Partiendo por los grabados Adán, Eva, El Infierno, Cristo Sentado o El Crucifijo (La Iglesia), como muestra fehaciente de una evangelización en curso, en la cual emerge la figura de Bartolomé de las Casas (Visionario), junto a Pizarro y Almagro (Los Fundadores), Cortés y Malinche (Los Aristócratas) y El encomendero (Gobernante), cómplices de la barbarie expresada en El Decapitado, o la visión alegórica del Crucificado, con un Cristo sitiado por la imagen del invasor.

Hecho que ciertamente contrasta con las 17 litografías, donde la gama tonal empleada es tan vigorosa que se potencia a sí misma, en el entendido de que el artista crea su propio patrón cromático, determinado por un entorno vividamente americano y en cuya expresión vernácula siempre estuvo atento a una voz que lo guía de principio a fin, tal cual se aprecia en La luna, El sol, El viento, El fuego, componentes esenciales de una tierra extraordinaria.

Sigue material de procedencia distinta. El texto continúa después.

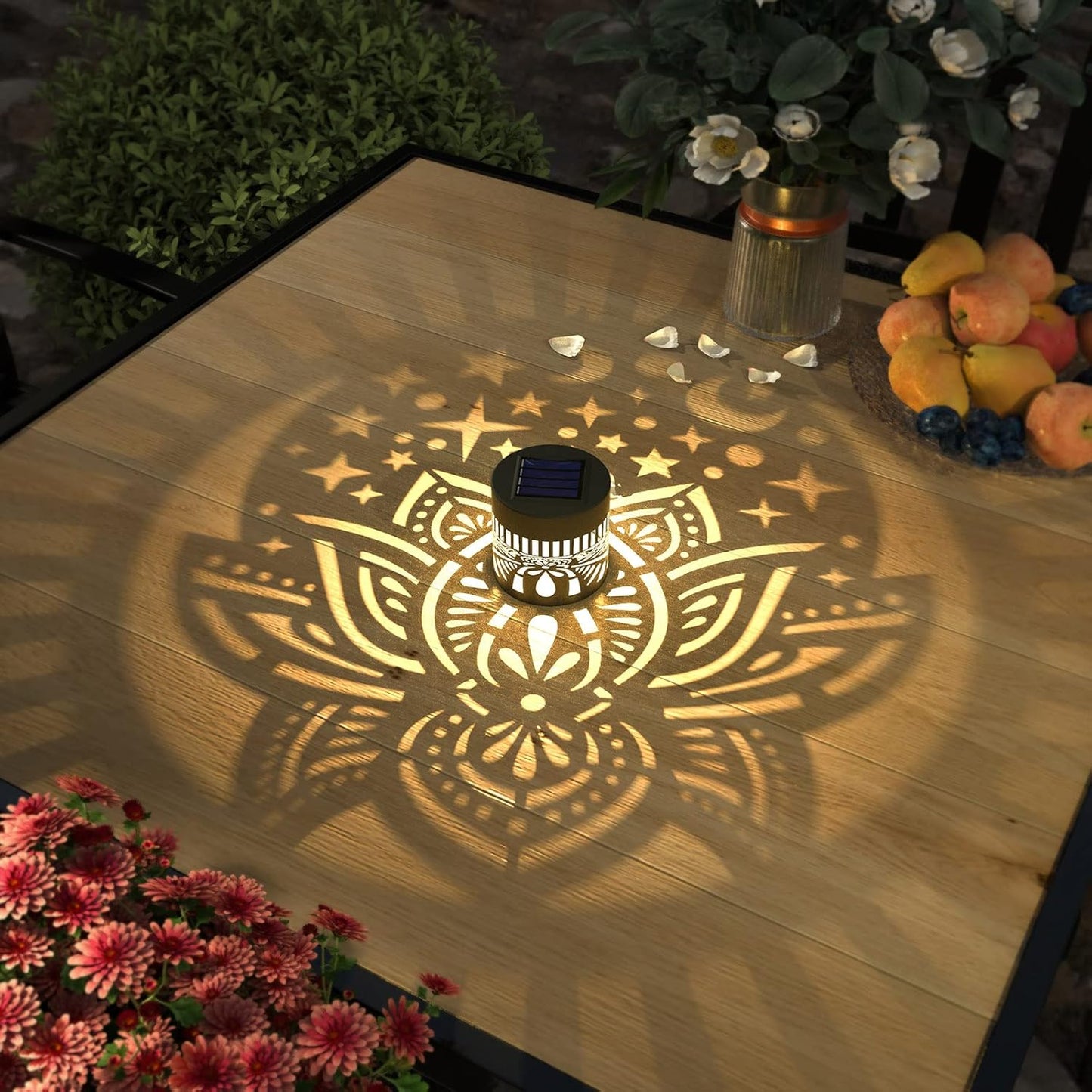 4 Pack Solar Fence Lights Metal Solar Powered Outdoor Wall Deck Lights Lotus Theme Waterproof Fence Light for Garden Post Patio Backyard Yard Decor (Lotus, 4 Pack)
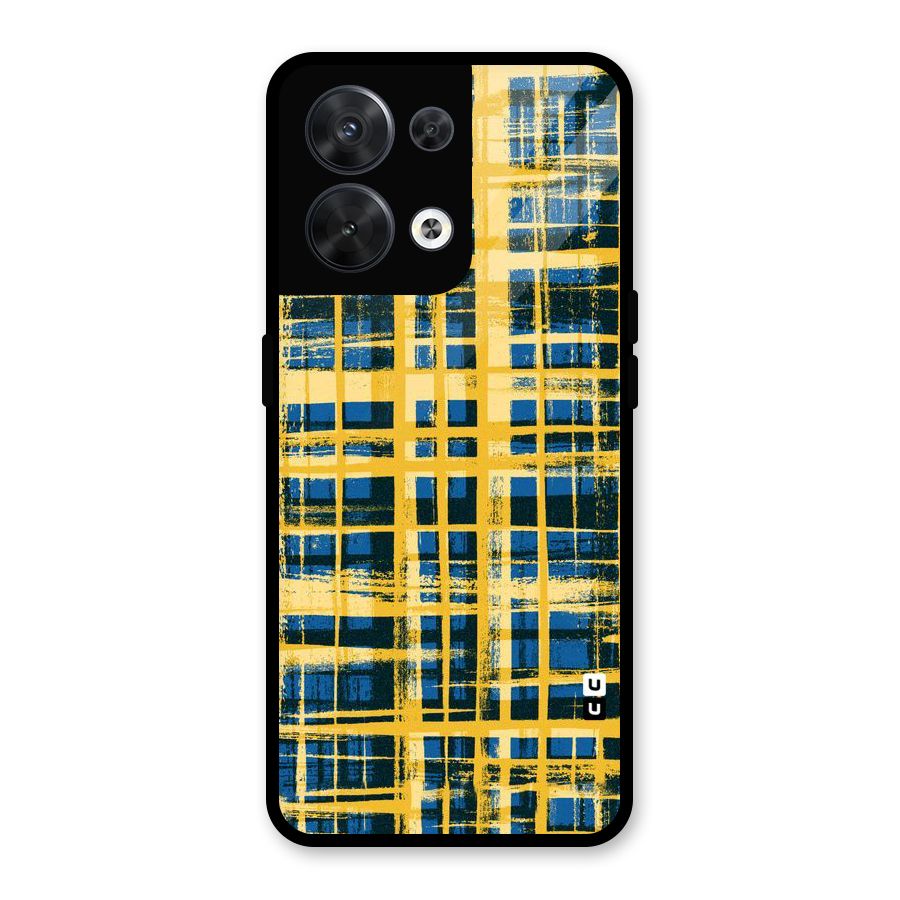 Yellow Rugged Check Design Glass Back Case for Oppo Reno8 5G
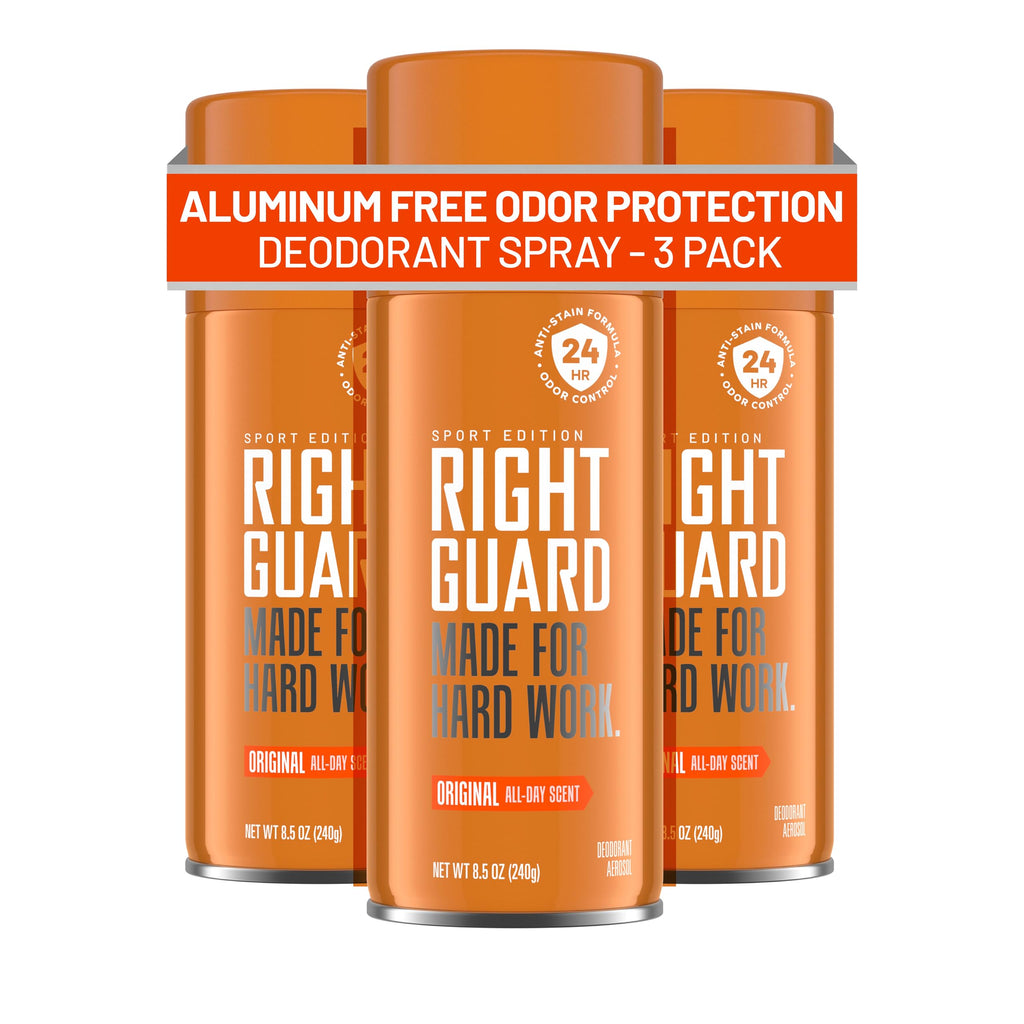 Right Guard Sport Original Scent Deodorant Spray - Aluminum Free Spray Deodorant for Men, 24-Hour Odor Protection, Anti-Stain, & Long-Lasting, 8.5 oz (2 Pack)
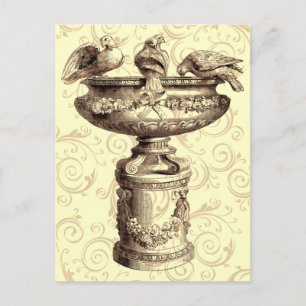 Cartão Postal Vintage Birdbath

Reconocimiento que incluso describe el propio artista: “América Latina tiene su propia raíz, que es necesario remover y encontrar para decir cosas, para expresarnos con nuestra voz”.

Desde ahí Guayasamín, profundiza, no sólo en los dones de una naturaleza desbordante en El Maíz, Pájaros, o La selva, sino que valida los símbolos de la imaginería precolombina con Virgen del sol, Mujer Pájaro, El Dios de los Incas o Danzantes, y un festejo ritual que se interrumpe por las Tres Carabelas, al traer aparejado los Guerreros, y con ello La vida y la muerte, como una agorera premonición de lo que este incisivo cronista del desgarro interpretó a través de estos escritos de los albores del Nuevo Mundo.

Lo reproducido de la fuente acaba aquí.